Идем, а она все повторяет, оглядываясь: good night, good night… Я беру в ладони ее лицо, она отводит глаза, и я вижу, как подрагивают ее губы.

Вымотались. Лежит на краешке, даже руку, свесившуюся к полу, не подтянуть. Каждый шаг, каждый взгляд континенты в тебя сгружает.

Кажется, мелочь: окно, лицо в окне; утро, небо в мелеющих рытвинах; чистка зубов на рассвете – всем миром, на корточках, вдоль канавок; глаз ослика, как зеркальце обратного вида, в котором отражена вся улица, а приглядись – вся пройденная дорога… Отсюда и эта чудовищная усталость. Пальцы гудят, ресницы ломит. Лежит на краешке, без подушки, травка желтая лицо застит, повисший стебель руки. Даже спать сил нет. Пойду поморю себя, почитаю. Выключил свет.
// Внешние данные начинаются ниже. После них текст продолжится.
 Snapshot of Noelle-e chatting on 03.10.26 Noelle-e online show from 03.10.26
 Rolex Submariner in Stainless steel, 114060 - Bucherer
Вышел.

Сижу в нашем крылатом дворике, спиной к сетке, за которой баньян со спящими на ветвях обезьянами, уткнувшими в колени головы, за которым река, во тьме пересчитывающая свои ребра.

А перед лицом – стена, на ней, под потолком – ночник, вокруг него – три геккона, а один – на потолке. И – летучие тараканы – в зоне света.

Они передвигаются, не складывая крыльев, как мелкие самолеты на провинциальном аэродроме, по незримым дорожкам, блюдя Эвклида.

Гекконы образут треугольник, вписанный в световой круг. Мандала. Не шелохнутся. Даже когда тараканы переползают их лапы. Сидят усидчиво, притворясь брошенными бензовозами. Выжидают.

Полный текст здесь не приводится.